Completely renovated, these buildings will offer visitors a chronological discovery of the history of World War Two. Around 7,000 objects, including a diverse selection of military objects and day-to-day tools, thousands of documents and photographs, and more than one hundred unique audiovisual testimonies, complete the collection.
Construction costs run at about 20 million euros, for the most part financed by the City of Paris (13 million euros). Before the grand opening, future visitors can follow the advancement of the construction site online. chantiermuseeliberation.paris.fr
December: reopening of the musée Galliera
This museum is one of the lesser-known treasures of the 16th. Closed in the fall for one year of construction and renovation, the musée Galliera, dedicated to fashion, with more than 200,000 collection pieces from the 18th century to present-day, will reopen in December 2019.
This small palace, situated in front of the Palais de Tokyo, will be reborn as a permanent fashion museum, the only one in France. Its exhibition area will be doubled, with the opening of vaulted cellars into galleries named after Gabrielle-Chanel.
A bit earlier in the year in September, the Théâtre du Châtelet (1st), another emblematic cultural institution of the capital, will reopen its doors as well.
December: a bicycle path from Bastille to Étoile
Crossing all of Paris from east to west and back again on a bike in a proper bike lane: what was once a cyclist’s pipe dream is coming to fruition at the end of this year. The construction of the continuous bike path linking Bastille to place de l’Étoile, via rue du Rivoli and place de la Concorde, will terminate in December.

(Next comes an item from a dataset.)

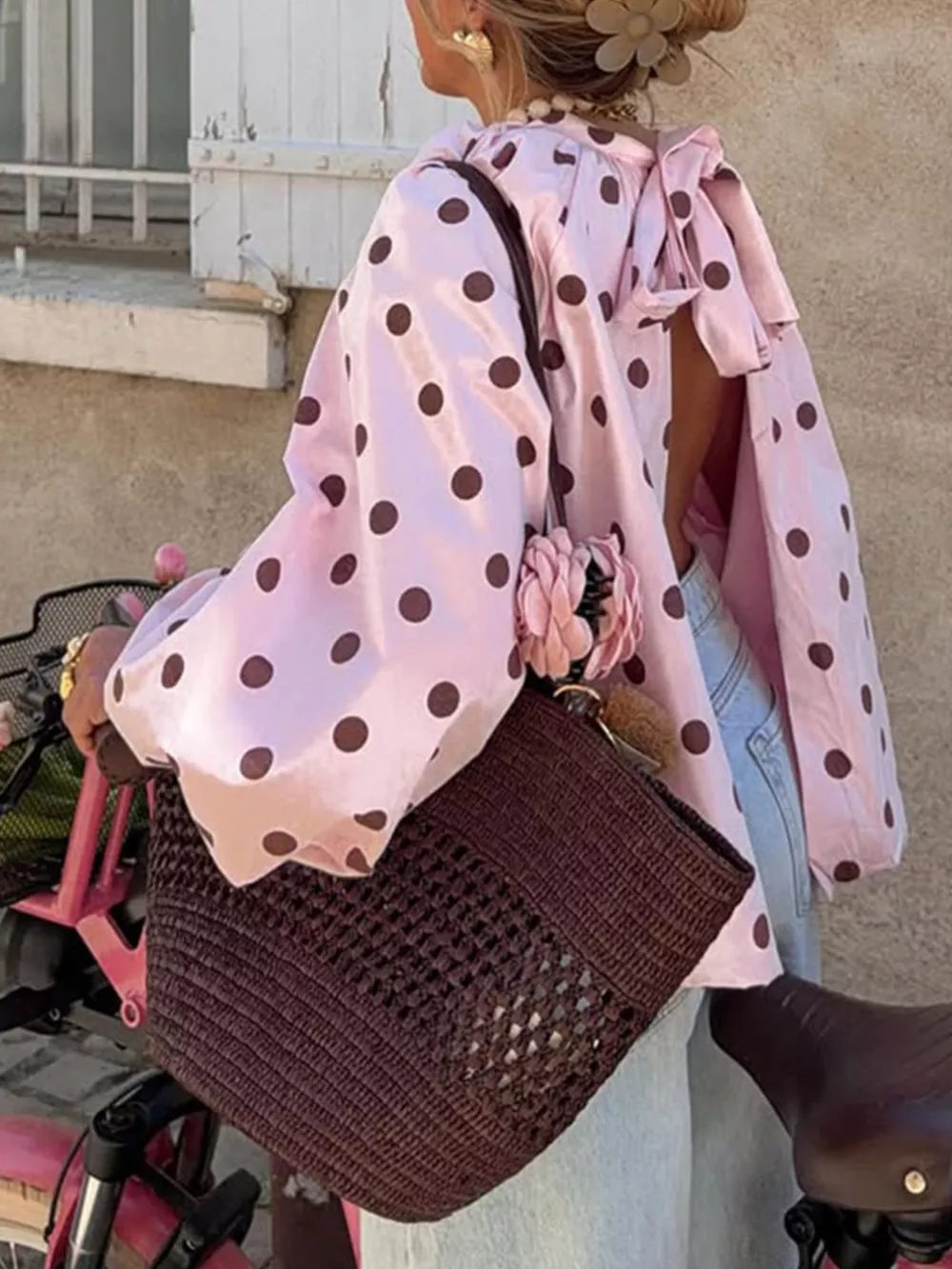 Polka Dot Open-Back Tied Blouse, image 5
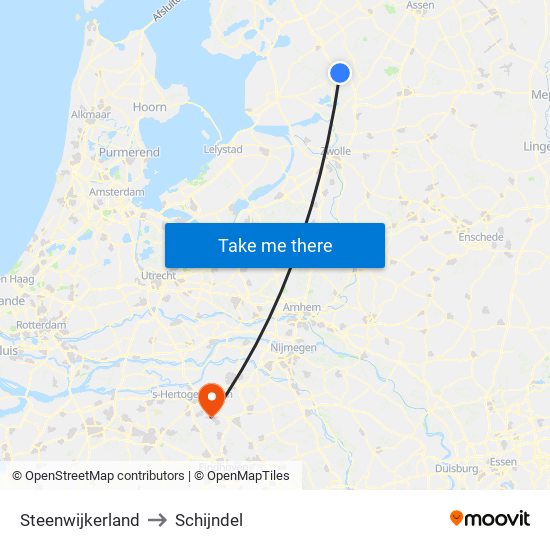 Steenwijkerland to Schijndel map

Since December 20th of last year, a dedicated 4-meter wide lane has been available from Bastille to Châtelet, much to the delight of bike lovers. Once construction connecting Châtelet to Concorde finishes, a designated 6 km path will thus be formed. This “royal road” will pass in front of the Hôtel de Ville, the Louvre, and the Tuileries, climbing the most beautiful avenue in the world, le Champs-Elysées, until reaching its summit at the Arc de triomphe. The inauguration of the completed section will take place in December.